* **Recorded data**
= Beginning of Section =

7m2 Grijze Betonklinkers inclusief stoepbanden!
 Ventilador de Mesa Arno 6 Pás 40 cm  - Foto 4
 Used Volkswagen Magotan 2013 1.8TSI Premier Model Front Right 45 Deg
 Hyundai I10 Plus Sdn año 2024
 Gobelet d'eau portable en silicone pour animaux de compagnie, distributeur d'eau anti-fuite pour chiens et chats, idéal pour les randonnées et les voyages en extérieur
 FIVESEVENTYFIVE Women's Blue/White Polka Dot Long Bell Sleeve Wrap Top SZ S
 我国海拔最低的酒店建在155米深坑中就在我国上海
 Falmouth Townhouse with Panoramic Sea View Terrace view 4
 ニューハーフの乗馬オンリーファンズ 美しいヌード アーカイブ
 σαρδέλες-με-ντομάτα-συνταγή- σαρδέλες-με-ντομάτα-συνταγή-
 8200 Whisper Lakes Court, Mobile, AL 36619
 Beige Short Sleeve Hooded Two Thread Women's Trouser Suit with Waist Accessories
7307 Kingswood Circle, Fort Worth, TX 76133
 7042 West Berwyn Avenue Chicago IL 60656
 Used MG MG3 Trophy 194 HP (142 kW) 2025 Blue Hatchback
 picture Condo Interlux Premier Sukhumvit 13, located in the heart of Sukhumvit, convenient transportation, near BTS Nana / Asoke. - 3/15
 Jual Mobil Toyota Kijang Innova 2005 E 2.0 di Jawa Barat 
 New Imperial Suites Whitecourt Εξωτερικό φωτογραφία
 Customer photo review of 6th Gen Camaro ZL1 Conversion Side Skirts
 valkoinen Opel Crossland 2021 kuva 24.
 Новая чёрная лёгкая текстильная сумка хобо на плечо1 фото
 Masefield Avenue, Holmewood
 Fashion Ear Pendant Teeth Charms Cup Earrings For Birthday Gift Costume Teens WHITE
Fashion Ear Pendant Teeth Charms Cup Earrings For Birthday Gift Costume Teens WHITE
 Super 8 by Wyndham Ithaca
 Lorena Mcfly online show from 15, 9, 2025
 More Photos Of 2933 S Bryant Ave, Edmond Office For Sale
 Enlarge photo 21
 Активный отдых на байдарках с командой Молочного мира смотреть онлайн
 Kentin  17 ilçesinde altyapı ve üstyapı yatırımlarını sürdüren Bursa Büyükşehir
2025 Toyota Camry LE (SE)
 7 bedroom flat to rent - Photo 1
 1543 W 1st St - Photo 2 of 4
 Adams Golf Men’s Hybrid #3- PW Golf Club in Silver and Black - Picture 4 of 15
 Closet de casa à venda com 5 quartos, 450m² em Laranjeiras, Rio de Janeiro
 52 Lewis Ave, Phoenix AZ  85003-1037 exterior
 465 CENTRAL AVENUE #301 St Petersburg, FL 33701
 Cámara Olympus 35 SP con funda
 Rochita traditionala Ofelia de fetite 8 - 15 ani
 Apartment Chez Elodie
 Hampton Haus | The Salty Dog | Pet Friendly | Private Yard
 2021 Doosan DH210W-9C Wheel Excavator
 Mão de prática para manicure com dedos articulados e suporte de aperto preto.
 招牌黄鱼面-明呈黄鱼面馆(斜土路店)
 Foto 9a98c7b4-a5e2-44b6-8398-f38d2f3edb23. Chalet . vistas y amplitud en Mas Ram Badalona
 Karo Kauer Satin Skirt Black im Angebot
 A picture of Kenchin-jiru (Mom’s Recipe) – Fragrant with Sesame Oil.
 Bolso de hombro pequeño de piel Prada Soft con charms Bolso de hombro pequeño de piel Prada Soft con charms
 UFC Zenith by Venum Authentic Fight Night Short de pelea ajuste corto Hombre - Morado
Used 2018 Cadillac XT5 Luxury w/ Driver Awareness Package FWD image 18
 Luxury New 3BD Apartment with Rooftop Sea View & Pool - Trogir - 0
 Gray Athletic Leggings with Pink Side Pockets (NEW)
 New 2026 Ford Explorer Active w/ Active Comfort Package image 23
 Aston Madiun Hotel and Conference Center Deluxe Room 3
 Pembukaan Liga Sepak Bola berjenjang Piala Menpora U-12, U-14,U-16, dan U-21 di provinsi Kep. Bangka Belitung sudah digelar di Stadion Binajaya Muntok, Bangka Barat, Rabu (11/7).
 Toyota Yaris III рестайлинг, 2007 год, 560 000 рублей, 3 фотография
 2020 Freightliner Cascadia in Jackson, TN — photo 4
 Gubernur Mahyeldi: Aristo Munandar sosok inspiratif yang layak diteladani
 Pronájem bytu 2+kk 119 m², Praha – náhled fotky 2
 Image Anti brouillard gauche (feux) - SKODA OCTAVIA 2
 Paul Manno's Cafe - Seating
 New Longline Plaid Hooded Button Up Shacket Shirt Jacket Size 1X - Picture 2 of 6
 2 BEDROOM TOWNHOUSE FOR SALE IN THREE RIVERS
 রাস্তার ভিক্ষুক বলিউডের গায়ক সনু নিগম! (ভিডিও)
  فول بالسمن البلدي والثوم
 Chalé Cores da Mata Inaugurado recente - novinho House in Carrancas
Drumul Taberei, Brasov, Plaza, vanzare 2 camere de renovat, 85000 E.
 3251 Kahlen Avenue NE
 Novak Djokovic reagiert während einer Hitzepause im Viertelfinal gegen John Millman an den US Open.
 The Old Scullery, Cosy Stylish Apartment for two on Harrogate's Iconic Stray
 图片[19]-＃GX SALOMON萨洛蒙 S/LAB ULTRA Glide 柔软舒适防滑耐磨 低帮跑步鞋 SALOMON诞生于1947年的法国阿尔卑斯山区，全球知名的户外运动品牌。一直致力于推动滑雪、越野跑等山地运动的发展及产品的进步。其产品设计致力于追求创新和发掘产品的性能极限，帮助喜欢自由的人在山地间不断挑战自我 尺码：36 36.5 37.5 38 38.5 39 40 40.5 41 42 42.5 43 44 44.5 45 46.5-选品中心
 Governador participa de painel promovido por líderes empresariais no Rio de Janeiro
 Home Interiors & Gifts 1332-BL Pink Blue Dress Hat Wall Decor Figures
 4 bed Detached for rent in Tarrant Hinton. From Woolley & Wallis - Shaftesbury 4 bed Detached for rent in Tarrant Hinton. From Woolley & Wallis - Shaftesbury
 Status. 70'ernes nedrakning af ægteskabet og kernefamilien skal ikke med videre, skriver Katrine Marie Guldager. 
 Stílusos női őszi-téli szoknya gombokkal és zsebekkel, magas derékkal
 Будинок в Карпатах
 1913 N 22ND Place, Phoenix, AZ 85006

= End of Section =

* **Exercise**
Retype each of the preceding records exactly as printed.

* **Exercise result**
7m2 Grijze Betonklinkers inclusief stoepbanden!
 Ventilador de Mesa Arno 6 Pás 40 cm  - Foto 4
 Used Volkswagen Magotan 2013 1.8TSI Premier Model Front Right 45 Deg
 Hyundai I10 Plus Sdn año 2024
 Gobelet d'eau portable en silicone pour animaux de compagnie, distributeur d'eau anti-fuite pour chiens et chats, idéal pour les randonnées et les voyages en extérieur
 FIVESEVENTYFIVE Women's Blue/White Polka Dot Long Bell Sleeve Wrap Top SZ S
 我国海拔最低的酒店建在155米深坑中就在我国上海
 Falmouth Townhouse with Panoramic Sea View Terrace view 4
 ニューハーフの乗馬オンリーファンズ 美しいヌード アーカイブ
 σαρδέλες-με-ντομάτα-συνταγή- σαρδέλες-με-ντομάτα-συνταγή-
 8200 Whisper Lakes Court, Mobile, AL 36619
 Beige Short Sleeve Hooded Two Thread Women's Trouser Suit with Waist Accessories
7307 Kingswood Circle, Fort Worth, TX 76133
 7042 West Berwyn Avenue Chicago IL 60656
 Used MG MG3 Trophy 194 HP (142 kW) 2025 Blue Hatchback
 picture Condo Interlux Premier Sukhumvit 13, located in the heart of Sukhumvit, convenient transportation, near BTS Nana / Asoke. - 3/15
 Jual Mobil Toyota Kijang Innova 2005 E 2.0 di Jawa Barat 
 New Imperial Suites Whitecourt Εξωτερικό φωτογραφία
 Customer photo review of 6th Gen Camaro ZL1 Conversion Side Skirts
 valkoinen Opel Crossland 2021 kuva 24.
 Новая чёрная лёгкая текстильная сумка хобо на плечо1 фото
 Masefield Avenue, Holmewood
 Fashion Ear Pendant Teeth Charms Cup Earrings For Birthday Gift Costume Teens WHITE
Fashion Ear Pendant Teeth Charms Cup Earrings For Birthday Gift Costume Teens WHITE
 Super 8 by Wyndham Ithaca
 Lorena Mcfly online show from 15, 9, 2025
 More Photos Of 2933 S Bryant Ave, Edmond Office For Sale
 Enlarge photo 21
 Активный отдых на байдарках с командой Молочного мира смотреть онлайн
 Kentin  17 ilçesinde altyapı ve üstyapı yatırımlarını sürdüren Bursa Büyükşehir
2025 Toyota Camry LE (SE)
 7 bedroom flat to rent - Photo 1
 1543 W 1st St - Photo 2 of 4
 Adams Golf Men’s Hybrid #3- PW Golf Club in Silver and Black - Picture 4 of 15
 Closet de casa à venda com 5 quartos, 450m² em Laranjeiras, Rio de Janeiro
 52 Lewis Ave, Phoenix AZ  85003-1037 exterior
 465 CENTRAL AVENUE #301 St Petersburg, FL 33701
 Cámara Olympus 35 SP con funda
 Rochita traditionala Ofelia de fetite 8 - 15 ani
 Apartment Chez Elodie
 Hampton Haus | The Salty Dog | Pet Friendly | Private Yard
 2021 Doosan DH210W-9C Wheel Excavator
 Mão de prática para manicure com dedos articulados e suporte de aperto preto.
 招牌黄鱼面-明呈黄鱼面馆(斜土路店)
 Foto 9a98c7b4-a5e2-44b6-8398-f38d2f3edb23. Chalet . vistas y amplitud en Mas Ram Badalona
 Karo Kauer Satin Skirt Black im Angebot
 A picture of Kenchin-jiru (Mom’s Recipe) – Fragrant with Sesame Oil.
 Bolso de hombro pequeño de piel Prada Soft con charms Bolso de hombro pequeño de piel Prada Soft con charms
 UFC Zenith by Venum Authentic Fight Night Short de pelea ajuste corto Hombre - Morado
Used 2018 Cadillac XT5 Luxury w/ Driver Awareness Package FWD image 18
 Luxury New 3BD Apartment with Rooftop Sea View & Pool - Trogir - 0
 Gray Athletic Leggings with Pink Side Pockets (NEW)
 New 2026 Ford Explorer Active w/ Active Comfort Package image 23
 Aston Madiun Hotel and Conference Center Deluxe Room 3
 Pembukaan Liga Sepak Bola berjenjang Piala Menpora U-12, U-14,U-16, dan U-21 di provinsi Kep. Bangka Belitung sudah digelar di Stadion Binajaya Muntok, Bangka Barat, Rabu (11/7).
 Toyota Yaris III рестайлинг, 2007 год, 560 000 рублей, 3 фотография
 2020 Freightliner Cascadia in Jackson, TN — photo 4
 Gubernur Mahyeldi: Aristo Munandar sosok inspiratif yang layak diteladani
 Pronájem bytu 2+kk 119 m², Praha – náhled fotky 2
 Image Anti brouillard gauche (feux) - SKODA OCTAVIA 2
 Paul Manno's Cafe - Seating
 New Longline Plaid Hooded Button Up Shacket Shirt Jacket Size 1X - Picture 2 of 6
 2 BEDROOM TOWNHOUSE FOR SALE IN THREE RIVERS
 রাস্তার ভিক্ষুক বলিউডের গায়ক সনু নিগম! (ভিডিও)
  فول بالسمن البلدي والثوم
 Chalé Cores da Mata Inaugurado recente - novinho House in Carrancas
Drumul Taberei, Brasov, Plaza, vanzare 2 camere de renovat, 85000 E.
 3251 Kahlen Avenue NE
 Novak Djokovic reagiert während einer Hitzepause im Viertelfinal gegen John Millman an den US Open.
 The Old Scullery, Cosy Stylish Apartment for two on Harrogate's Iconic Stray
 图片[19]-＃GX SALOMON萨洛蒙 S/LAB ULTRA Glide 柔软舒适防滑耐磨 低帮跑步鞋 SALOMON诞生于1947年的法国阿尔卑斯山区，全球知名的户外运动品牌。一直致力于推动滑雪、越野跑等山地运动的发展及产品的进步。其产品设计致力于追求创新和发掘产品的性能极限，帮助喜欢自由的人在山地间不断挑战自我 尺码：36 36.5 37.5 38 38.5 39 40 40.5 41 42 42.5 43 44 44.5 45 46.5-选品中心
 Governador participa de painel promovido por líderes empresariais no Rio de Janeiro
 Home Interiors & Gifts 1332-BL Pink Blue Dress Hat Wall Decor Figures
 4 bed Detached for rent in Tarrant Hinton. From Woolley & Wallis - Shaftesbury 4 bed Detached for rent in Tarrant Hinton. From Woolley & Wallis - Shaftesbury
 Status. 70'ernes nedrakning af ægteskabet og kernefamilien skal ikke med videre, skriver Katrine Marie Guldager. 
 Stílusos női őszi-téli szoknya gombokkal és zsebekkel, magas derékkal
 Будинок в Карпатах
 1913 N 22ND Place, Phoenix, AZ 85006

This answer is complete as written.